Your goal: When you reach the line that contains "Men's Farah Trousers Navy /Black/Grey/ Oak Mrl Original Men's", begin copying exactly, and continue through the last line of the data; no pictures belong in the copy.

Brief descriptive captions
"""

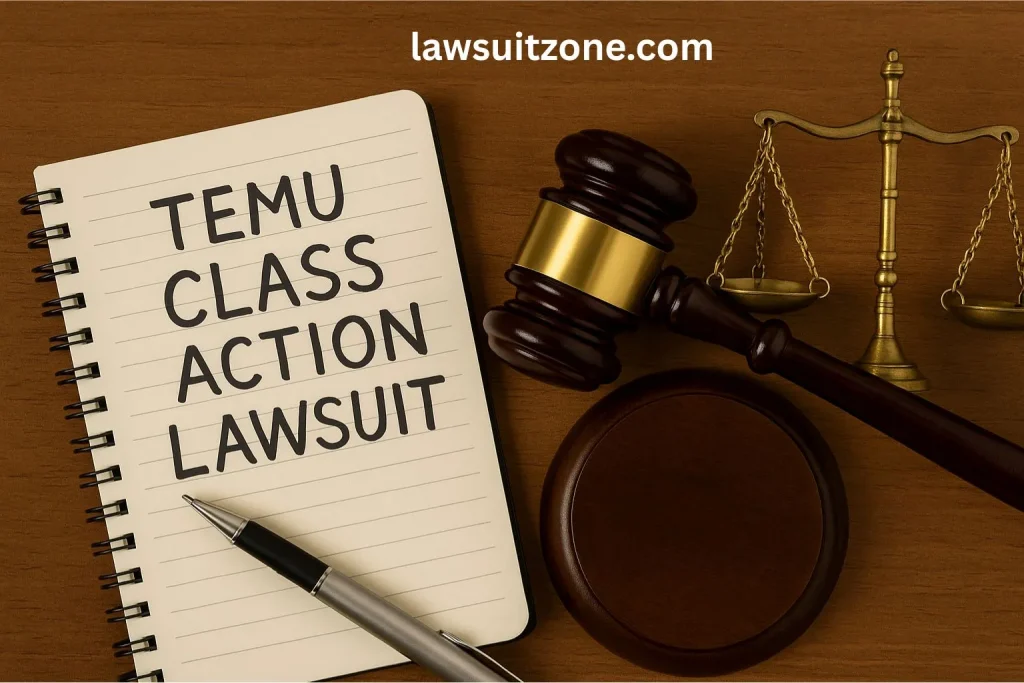 Notepad with Temu Class Action Lawsuit written, gavel, scales of justice, and pen on a wooden desk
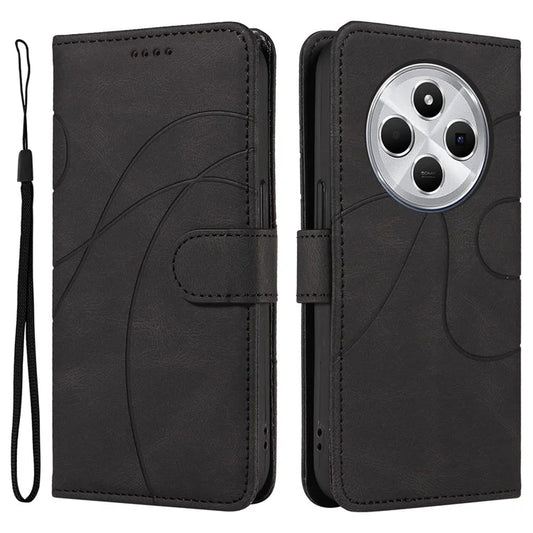 For Xiaomi Redmi 14C 4G Case Stand Wallet Leather Phone Cover Curved Line Wrist Strap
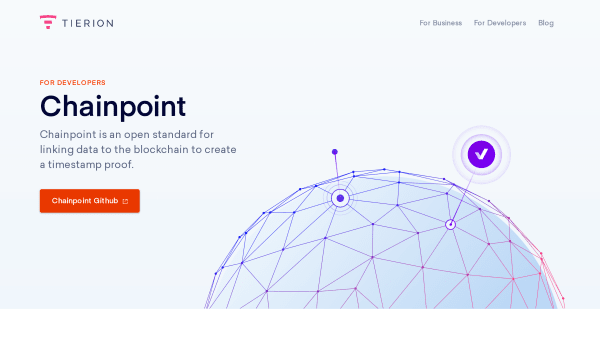 Chainpoint's website screenshot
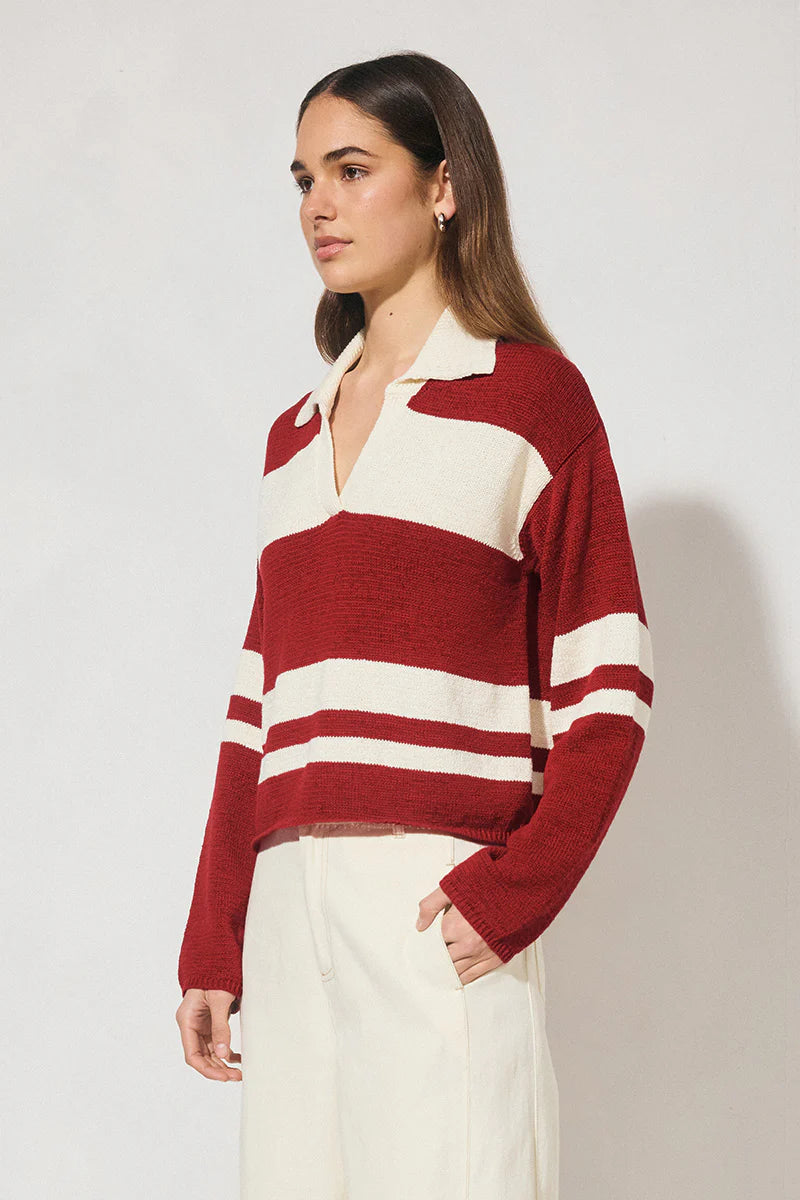 MON RENN Cosmo Knit Jumper Burgundy Cream Stripe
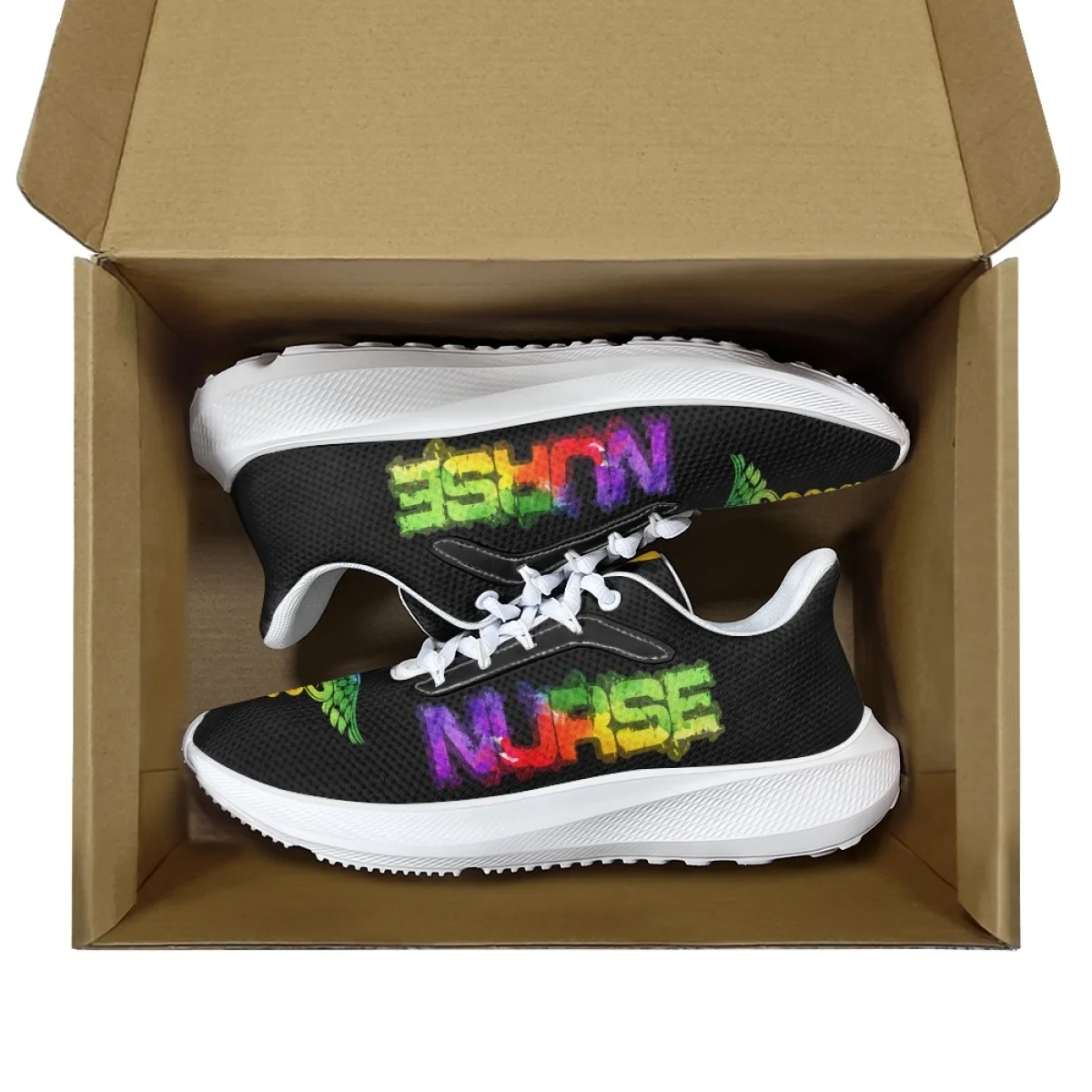 Fashion Nurse Print Sport Running Shoes New Shock Absorption Mesh Shoes Designer Breathable Women Lace Up Footwear Sneakers Spor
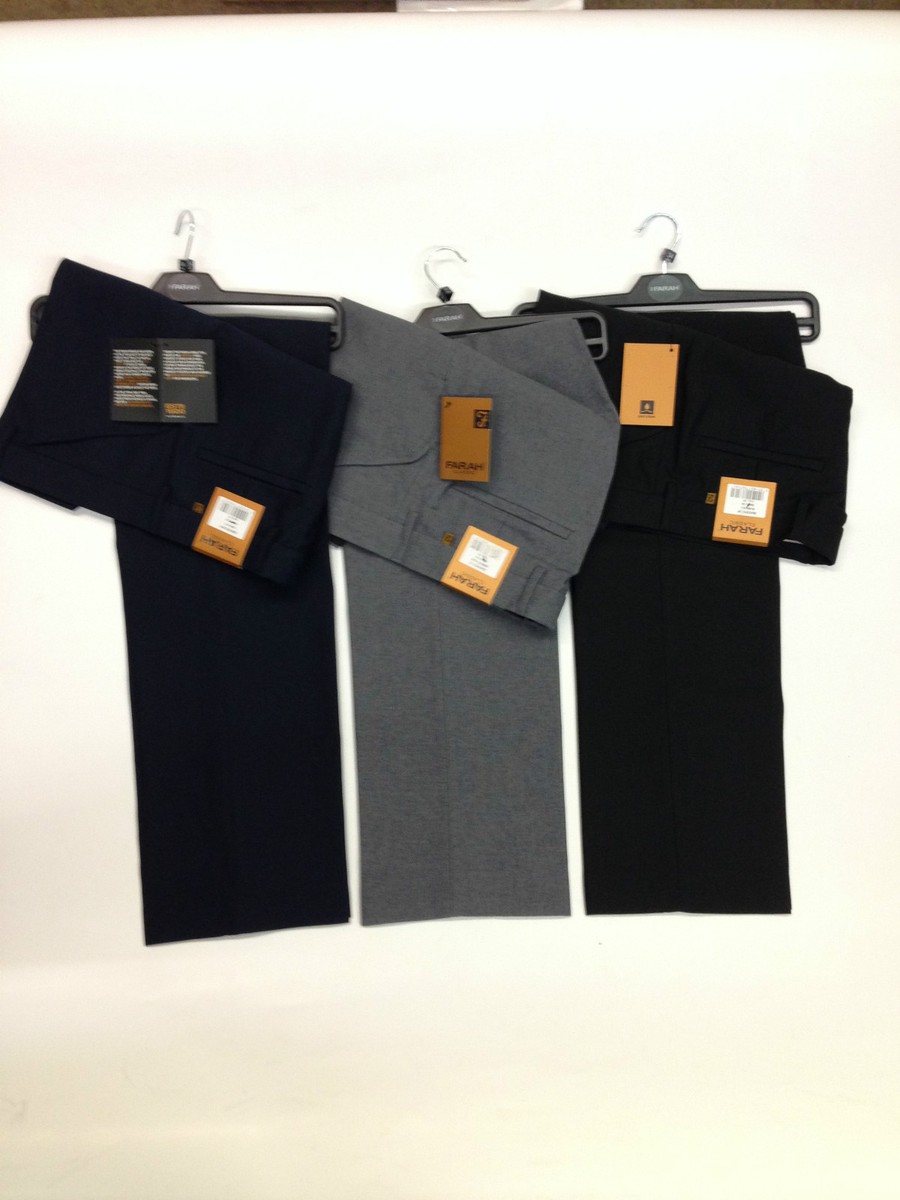 Men's Farah Trousers Navy /Black/Grey/ Oak Mrl Original Men's Farah Trousers Navy /Black/Grey/ Oak Mrl Original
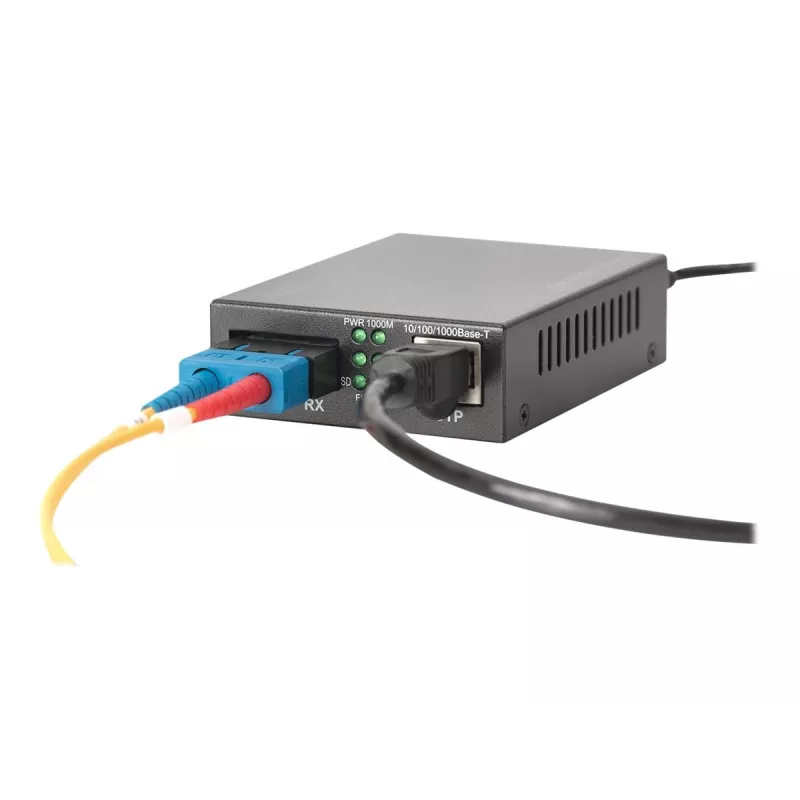 Digitus Gigabit PoE mediaconverter, RJ45 / SC, SM, PSE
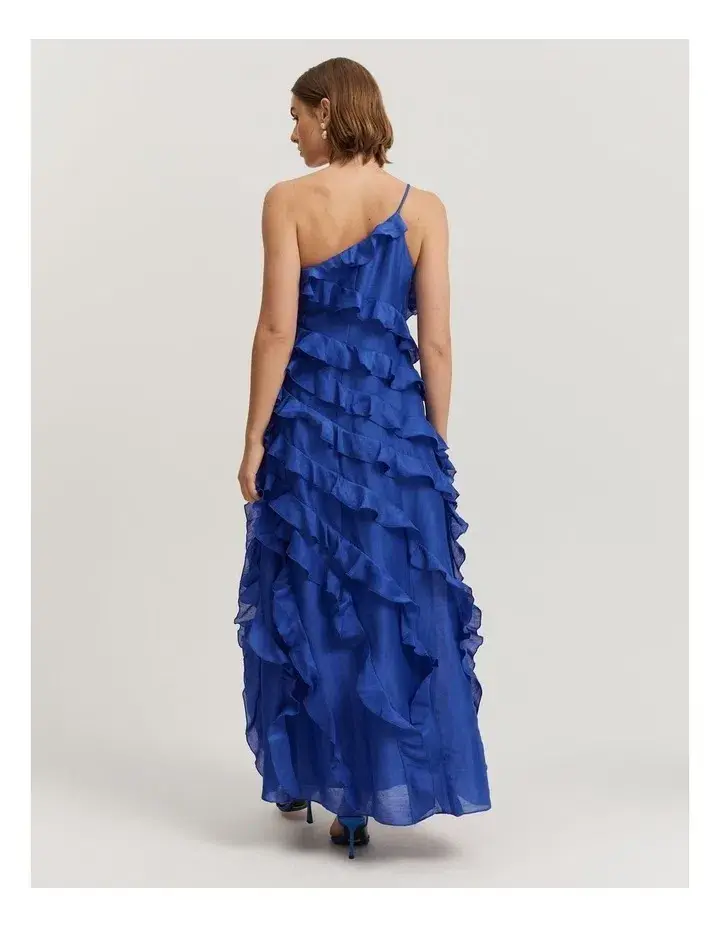 Country Road Ruffle Maxi Dress in Sapphire Size 6 - Image 2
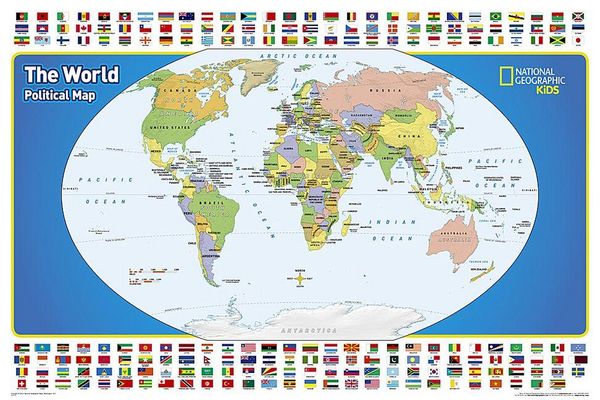 Produktbild: National Geographic World for Kids Wall Map - Laminated (Poster Size: 36 X 24 In)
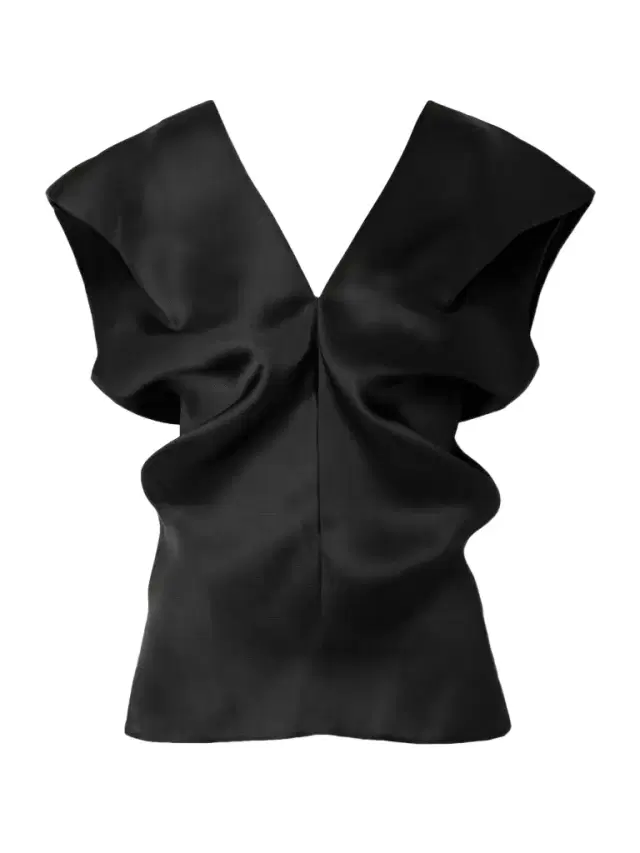 Ami Draped Silk-gazar Top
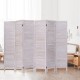 Classic 6-panel Venetian wooden slat room screen in rustic finish, ideal for creating private spaces in any room.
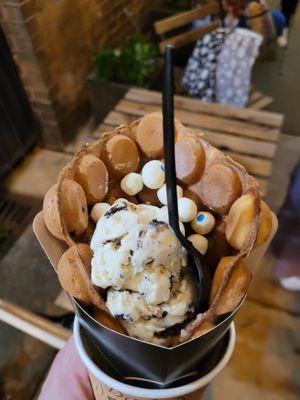 Delicious!  Fresh made bubble waffle with Reese's Pieces, cookie dough ice cream and birthday cake bites.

"""

Output of the task:
 Men's Farah Trousers Navy /Black/Grey/ Oak Mrl Original Men's Farah Trousers Navy /Black/Grey/ Oak Mrl Original
 Digitus Gigabit PoE mediaconverter, RJ45 / SC, SM, PSE
 Country Road Ruffle Maxi Dress in Sapphire Size 6 - Image 2
 Produktbild: National Geographic World for Kids Wall Map - Laminated (Poster Size: 36 X 24 In)
 Ami Draped Silk-gazar Top
 Classic 6-panel Venetian wooden slat room screen in rustic finish, ideal for creating private spaces in any room.
 Delicious!  Fresh made bubble waffle with Reese's Pieces, cookie dough ice cream and birthday cake bites.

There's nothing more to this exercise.